◆ **DATA EXCERPT**
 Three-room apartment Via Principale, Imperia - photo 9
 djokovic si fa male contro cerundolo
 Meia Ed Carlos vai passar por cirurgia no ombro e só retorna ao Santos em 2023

◆ **ACTIVITY**
Output the entire listing again, word for word.

◆ **WRITTEN SOLUTION**
 Three-room apartment Via Principale, Imperia - photo 9
 djokovic si fa male contro cerundolo
 Meia Ed Carlos vai passar por cirurgia no ombro e só retorna ao Santos em 2023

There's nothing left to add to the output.